Speaking of broken. Midweek I was suspecting there may be something worse going on with my iPhone 3G than the bugginess of the 2.0.0 software you may have read about on the interwebs. Safari was crashing all the time. And the usual rock solid iPod music playback which has to be the most stable app on the iPhone would crash. It would start skipping like when you play a CD and it encountered a scratch. It would have something to do with Safari since I would click on a link and the damn thing would lock up. Safari and the new apps crashing is something a lot of people have complained about but this freeze up situation where the only way to recover is to force shutdown and restart. Then I noticed something some photos I took on Wednesday…wavy Seaholm Power Plant and Messing with City Hall. On these pages I’ve chronicled my feelings about the iPhone camera being the perfect phone’s achilles heal, but it didn’t actually corrupt images before. Also the phone had terrible battery life — yes you’ve read the 3G has terrible battery life, but mine was worse than my friends who have the phones.
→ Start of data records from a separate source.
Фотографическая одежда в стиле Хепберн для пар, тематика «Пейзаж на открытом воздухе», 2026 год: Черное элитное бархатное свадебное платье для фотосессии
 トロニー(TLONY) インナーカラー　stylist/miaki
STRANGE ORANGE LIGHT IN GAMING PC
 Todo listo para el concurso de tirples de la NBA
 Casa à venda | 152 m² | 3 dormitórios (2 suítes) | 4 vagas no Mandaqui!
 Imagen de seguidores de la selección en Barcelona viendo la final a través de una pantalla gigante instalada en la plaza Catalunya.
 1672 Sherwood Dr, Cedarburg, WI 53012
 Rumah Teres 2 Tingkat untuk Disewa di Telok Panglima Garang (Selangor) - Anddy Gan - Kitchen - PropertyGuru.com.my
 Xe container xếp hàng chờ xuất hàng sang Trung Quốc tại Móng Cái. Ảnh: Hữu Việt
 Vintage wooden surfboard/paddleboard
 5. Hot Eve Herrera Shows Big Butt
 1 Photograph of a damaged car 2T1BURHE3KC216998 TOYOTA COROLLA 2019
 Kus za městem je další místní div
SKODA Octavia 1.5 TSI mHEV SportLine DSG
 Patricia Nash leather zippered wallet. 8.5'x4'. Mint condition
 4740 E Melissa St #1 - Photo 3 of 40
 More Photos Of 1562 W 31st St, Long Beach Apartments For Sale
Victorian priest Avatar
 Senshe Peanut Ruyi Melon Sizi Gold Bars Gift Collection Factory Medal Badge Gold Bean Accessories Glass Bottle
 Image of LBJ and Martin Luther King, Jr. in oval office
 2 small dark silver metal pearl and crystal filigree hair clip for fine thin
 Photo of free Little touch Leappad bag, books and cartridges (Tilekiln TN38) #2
It would also feel warm when it was just sitting there doing nothing (clearly it was doing something to put off the heat and to drain the battery). I tried doing a full restore twice with no help.

I went to the Apple Store at the Domain to talk to a genius about it on Friday afternoon. They were out of phones so it wasn’t madhouse packed, but there were a lot of people in the store buying Macs and iPods and whatnot. I told the guy the problems and showed him the pictures and as well as the crash log via Back to My Mac on my home system (iPhones are running a variant of Mac OS X and so when apps crash it writes an error log for diagnostic purposes). It had crashed a lot.

So the guy gave me a new one. It was different than when I swapped out my original iPhone where he just gave me another one and did an exchange. Because of the new AT&T bullshit, the ‘genius’ had to hand me over to a ’specialist’ to deal with it. Although the specialist confessed to me he hadn’t done a swap out yet and had to ask his boss. It was pretty simple but more complex than usual from the Apple Experience we know and love. Effectively he had to re-sign me up for AT&T phone service again. Fortunately in the past two weeks AT&T felt I was still worthy of being their customer.

I went to the Starbucks next door and set up my MobileMe mail account and within a few seconds all of my email was on the phone, but more importantly my address book and bookmarks were there. I would still need to physically dock my iPhone with my computer at home to get my music/videos and apps on it, but it actually meant I could actually use my iPhone to make calls and use the interwebs right out of the box. I’ve had mobile phones for 13 years or so and since getting that first PrimeCo Sony phone I’ve lost the mental ability to know people’s phone numbers. Seriously. I can’t remember anyone’s phone number anymore. The only numbers I know are home and work number. And I have to really think about it when people ask as my poor brain retrieve the phone number I had when I was a kid or my mom’s old number (I don’t know her new one, the phone does). Since getting my first Mac with iSync and the dotMac service my mobile phone and Macs have been in sync (not the boy band) so a lost or dropped phone meant just syncing the new one with the Mac and I would back where I was. MobileMe makes that happen over the air. Fortunately for me, I wasn’t one of the people affected by Apple’s botched transition from dotMac to MobileMe. As usual, it “just worked”.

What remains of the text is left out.